[Brief descriptive captions]
_ _ _ _
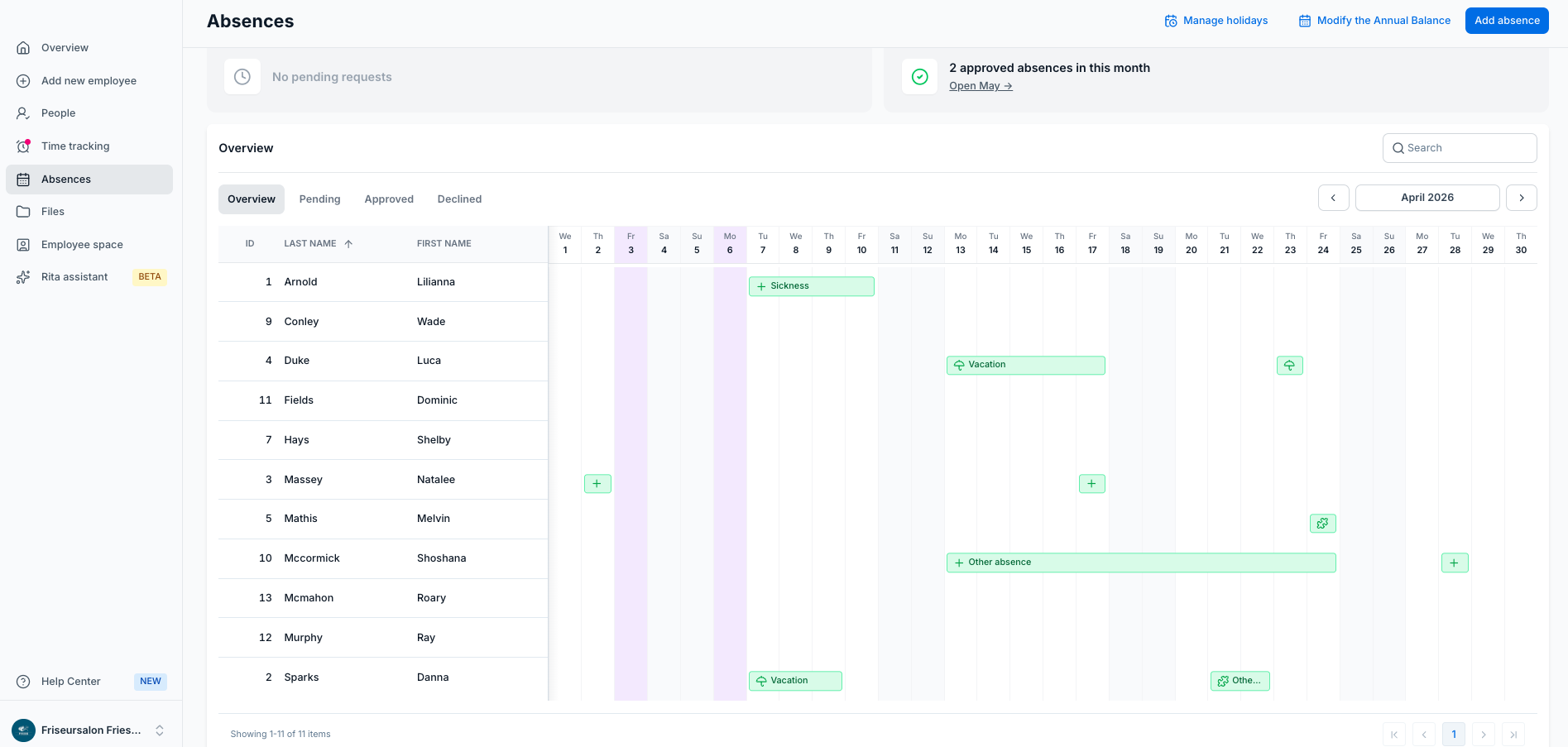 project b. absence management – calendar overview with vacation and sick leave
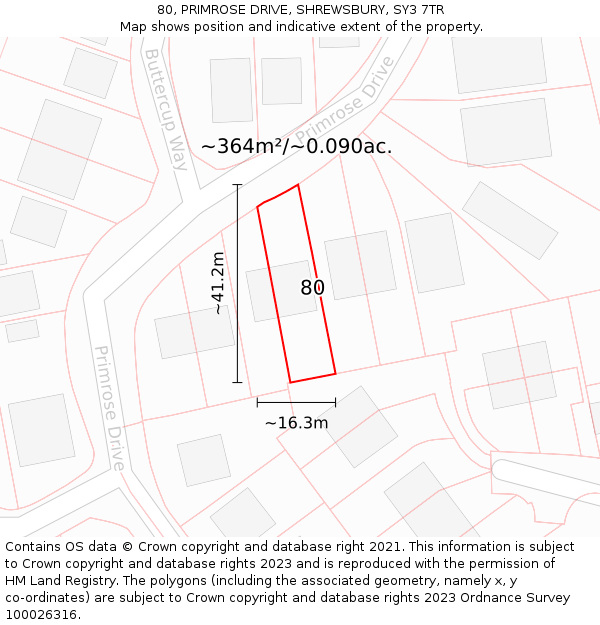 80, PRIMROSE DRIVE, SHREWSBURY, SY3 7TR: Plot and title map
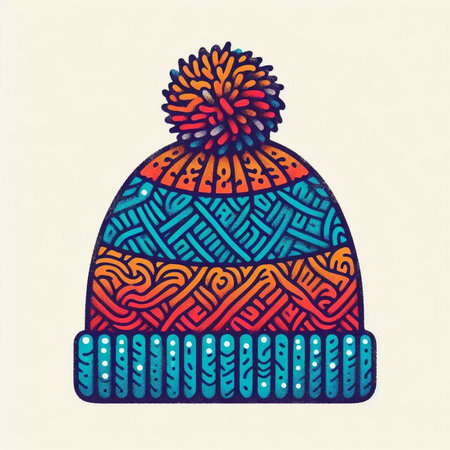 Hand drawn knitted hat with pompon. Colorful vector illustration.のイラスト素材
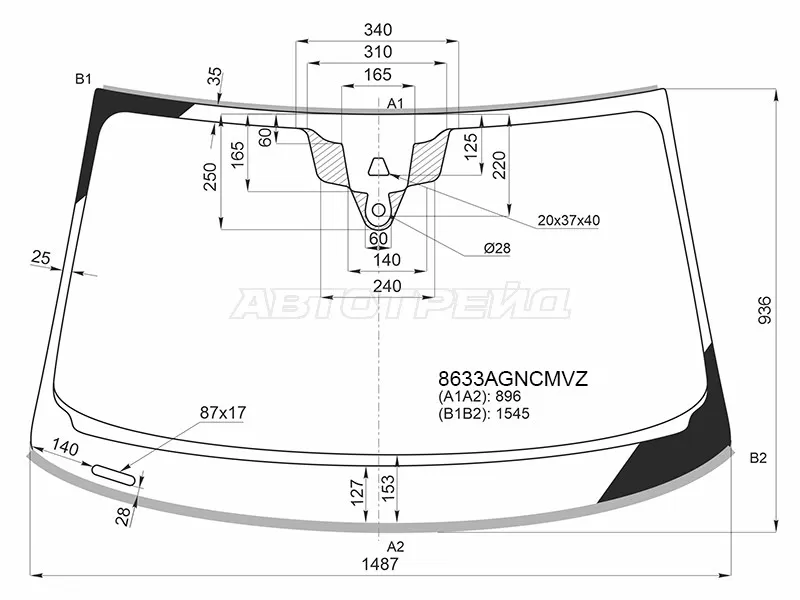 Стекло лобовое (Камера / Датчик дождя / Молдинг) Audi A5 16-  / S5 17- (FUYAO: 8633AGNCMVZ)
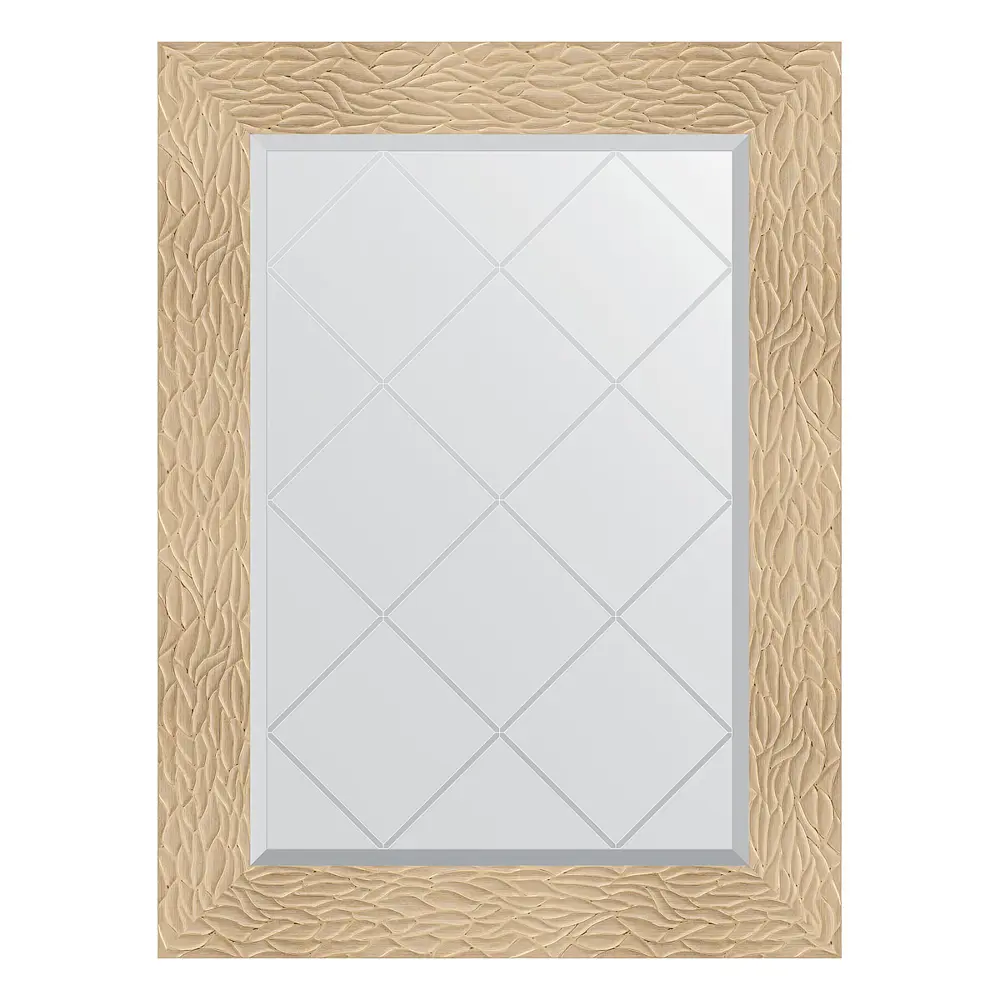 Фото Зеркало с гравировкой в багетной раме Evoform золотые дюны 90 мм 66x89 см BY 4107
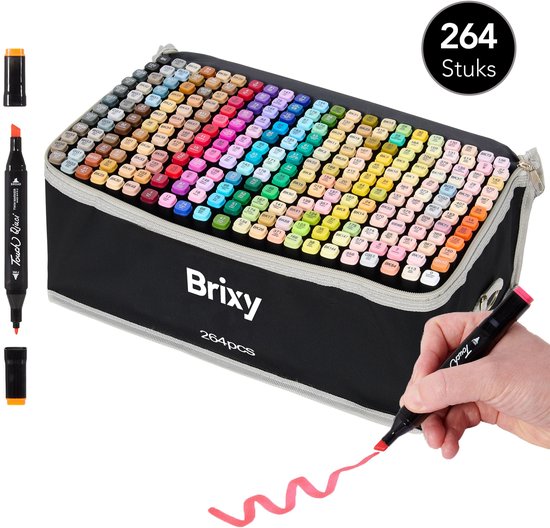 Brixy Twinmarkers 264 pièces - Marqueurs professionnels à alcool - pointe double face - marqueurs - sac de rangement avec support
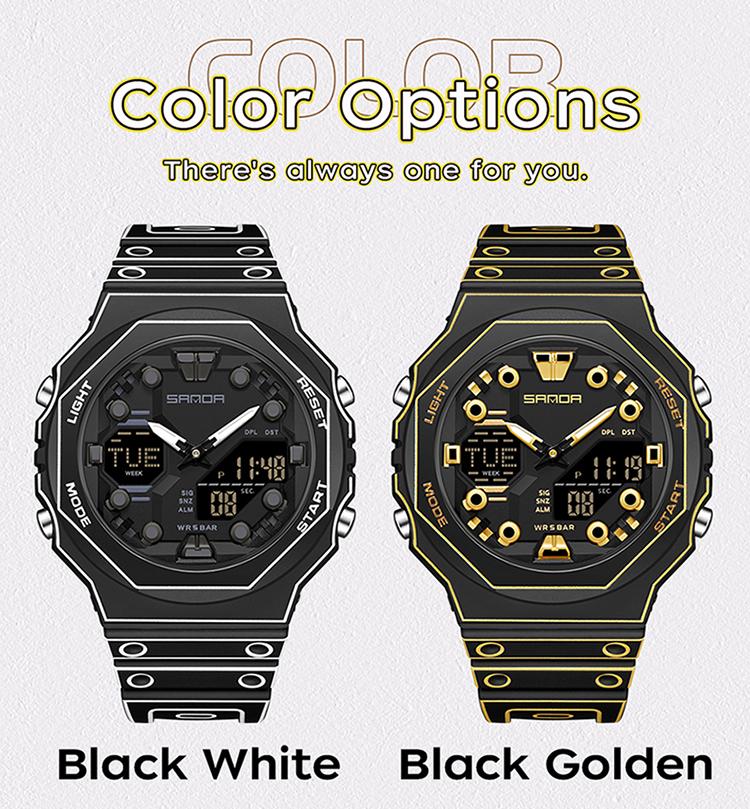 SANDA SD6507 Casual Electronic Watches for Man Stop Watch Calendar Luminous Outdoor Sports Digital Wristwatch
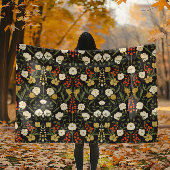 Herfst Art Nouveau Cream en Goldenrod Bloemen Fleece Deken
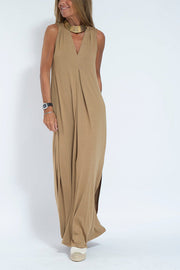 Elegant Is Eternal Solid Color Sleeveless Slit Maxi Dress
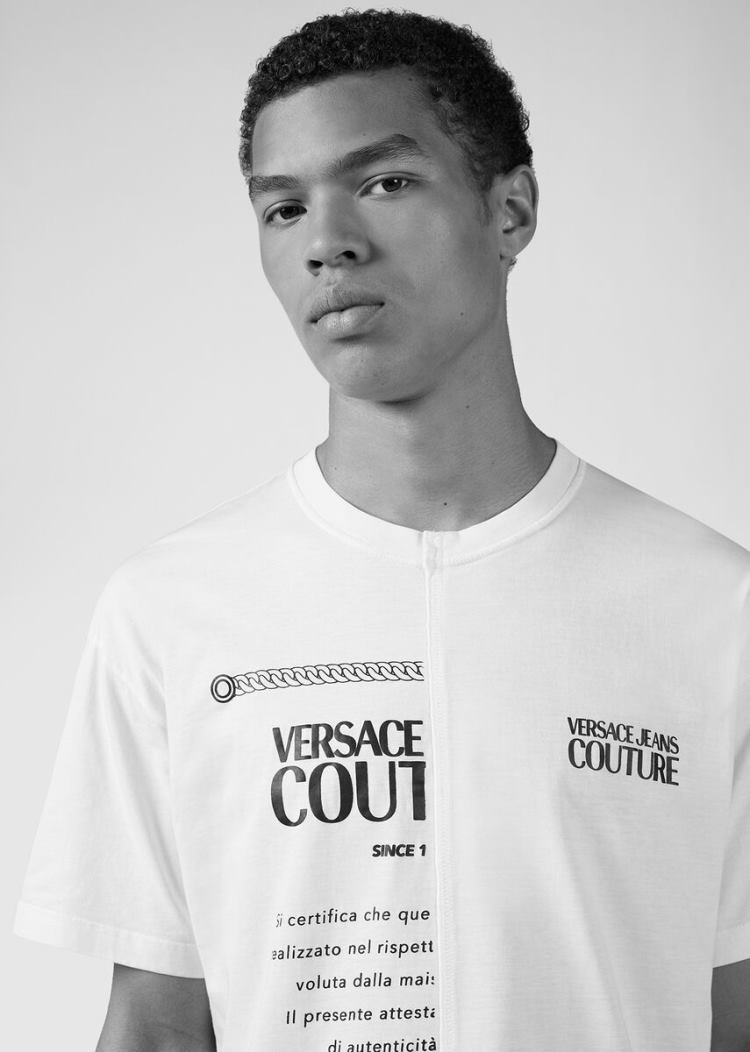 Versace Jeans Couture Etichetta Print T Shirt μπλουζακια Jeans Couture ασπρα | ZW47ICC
_ _ _ _
PROBLEM. Starting from the line with "Стекло лобовое (Камера" in the records above, repeat each line exactly until you have written the line with "Brixy Twinmarkers 264", then stop; drop the pictures.

OUTPUT OF THE EXERCISE.
 Стекло лобовое (Камера / Датчик дождя / Молдинг) Audi A5 16-  / S5 17- (FUYAO: 8633AGNCMVZ)
 Фото Зеркало с гравировкой в багетной раме Evoform золотые дюны 90 мм 66x89 см BY 4107
 Brixy Twinmarkers 264 pièces - Marqueurs professionnels à alcool - pointe double face - marqueurs - sac de rangement avec support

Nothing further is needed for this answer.